In 2017, Shekhar Kapur went down memory lane, reminding Twitteratis that before Masoom he had no prior filmmaking experience. Masoom was “pure instinct,” he tweeted. The 73-year-old Kapur was once a successful chartered accountant in London. But in a way, filmmaking was always in his blood, thanks to uncles Chetan, Dev and Vijay Anand who all, in their own different ways, went on to forge a very modern style of Hindi films. Even today, their rom-coms and noir capers are admired for their evergreen songs, shot with imaginative force and rather unconventionally by Bollywood standards. Masoom is surely the kind of superlative soundtrack that would have made the musically-minded Anand Bros proud.

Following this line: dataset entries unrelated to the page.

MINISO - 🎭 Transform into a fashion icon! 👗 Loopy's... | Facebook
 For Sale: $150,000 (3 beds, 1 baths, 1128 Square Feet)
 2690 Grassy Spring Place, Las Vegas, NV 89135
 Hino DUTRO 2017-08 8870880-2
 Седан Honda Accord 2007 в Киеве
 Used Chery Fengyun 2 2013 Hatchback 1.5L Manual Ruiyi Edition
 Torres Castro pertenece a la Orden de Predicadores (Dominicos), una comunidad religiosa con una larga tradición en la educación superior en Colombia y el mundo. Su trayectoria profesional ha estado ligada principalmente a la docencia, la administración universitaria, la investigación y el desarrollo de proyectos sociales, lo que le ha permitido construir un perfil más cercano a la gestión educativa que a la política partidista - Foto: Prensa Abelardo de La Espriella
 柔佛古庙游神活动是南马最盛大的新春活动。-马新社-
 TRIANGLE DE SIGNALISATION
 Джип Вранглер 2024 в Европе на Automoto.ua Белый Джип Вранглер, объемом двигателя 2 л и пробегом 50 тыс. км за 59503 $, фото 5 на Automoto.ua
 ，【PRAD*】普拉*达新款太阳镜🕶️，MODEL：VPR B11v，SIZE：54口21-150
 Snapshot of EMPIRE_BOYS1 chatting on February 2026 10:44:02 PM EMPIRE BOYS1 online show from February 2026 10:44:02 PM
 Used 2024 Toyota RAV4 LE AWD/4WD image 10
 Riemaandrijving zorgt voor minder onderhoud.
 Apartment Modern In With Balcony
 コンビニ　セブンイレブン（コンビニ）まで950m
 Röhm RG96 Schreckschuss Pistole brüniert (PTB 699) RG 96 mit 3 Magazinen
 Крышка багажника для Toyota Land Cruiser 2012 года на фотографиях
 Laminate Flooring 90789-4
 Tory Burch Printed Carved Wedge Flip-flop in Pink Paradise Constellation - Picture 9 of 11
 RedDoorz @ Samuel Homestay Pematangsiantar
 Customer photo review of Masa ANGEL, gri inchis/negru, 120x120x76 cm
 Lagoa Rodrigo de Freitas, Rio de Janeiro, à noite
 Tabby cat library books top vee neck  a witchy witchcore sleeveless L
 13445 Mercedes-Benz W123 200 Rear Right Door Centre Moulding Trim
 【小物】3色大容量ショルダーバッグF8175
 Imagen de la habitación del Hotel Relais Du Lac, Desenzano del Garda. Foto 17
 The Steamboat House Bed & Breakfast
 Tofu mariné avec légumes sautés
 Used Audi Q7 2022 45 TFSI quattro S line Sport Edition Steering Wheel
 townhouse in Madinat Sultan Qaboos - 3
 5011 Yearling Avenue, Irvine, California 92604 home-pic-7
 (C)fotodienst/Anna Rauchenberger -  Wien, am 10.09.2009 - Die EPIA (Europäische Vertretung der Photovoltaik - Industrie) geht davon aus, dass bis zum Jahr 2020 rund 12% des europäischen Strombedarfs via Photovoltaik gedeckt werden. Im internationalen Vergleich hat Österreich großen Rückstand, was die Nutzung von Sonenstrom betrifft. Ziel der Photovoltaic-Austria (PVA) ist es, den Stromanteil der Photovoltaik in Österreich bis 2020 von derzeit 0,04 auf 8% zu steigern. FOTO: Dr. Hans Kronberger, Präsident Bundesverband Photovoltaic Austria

Besides the songs, Gulzar also wrote the film’s screenplay and dialogue. In a conversation with Nasreen Munni Kabir published in the book ‘In the Company of a Poet’, Gulzar mentioned that in a bid to adapt Eric Segal’s Man, Woman and Child in an Indianised context, he had dropped the novel’s movie-world setting and instead decided to root it in Delhi and Nainital. As for why his lyrics often have a conversational feel, he explained to Kabir, quoting TS Eliot, that “the best form of poetry, especially when talking of blank verse, is when it reaches the level of conversation and talks to you.” In another interview, this time with Livemint, he related a particularly amusing anecdote where he spoke of having creative differences with the young Shekhar Kapur. Apparently, Kapur wasn’t happy with “Lakdi ki kaathi” and believed to have approached the veteran lyricist with a suggestion to rework it. “Shekhar was adamant on adding a line, “Bibiji tea pee ke aayi.” I didn’t agree and left the song midway,” Gulzar told Livemint in 2016. “Shabana (Azmi) fired him and told him, “Bachchon ke gaanon pe kabhi Gulzar se panga mat lena (don’t ever mess with Gulzar when it comes to children’s songs).”
Listen to “Lakdi ki kaathi” and you will see why. Like many Gulzar lullabies, it bears its writer’s special stamp. On surface, “Lakdi ki kaathi” looks like a child’s play but dig deeper and you will find buried inside it a thought-provoking composition, with unbelievable layers and richness that belies the expectations of a children’s ditty. In a song all about children and the joys of childhood, the inimitable Gulzar manages to drop covert tributes to Mirza Ghalib (one line from the song goes, ‘Ghoda apna tagda hai dekho kitni charbi hai/ Chalta hai Mehrauli mein par ghoda apna Arabi hai) but that’s for another day. For now, let’s savour “Tujhse naaraz nahin zindagi” and its celebration of life’s wondrous and often, puzzling joys.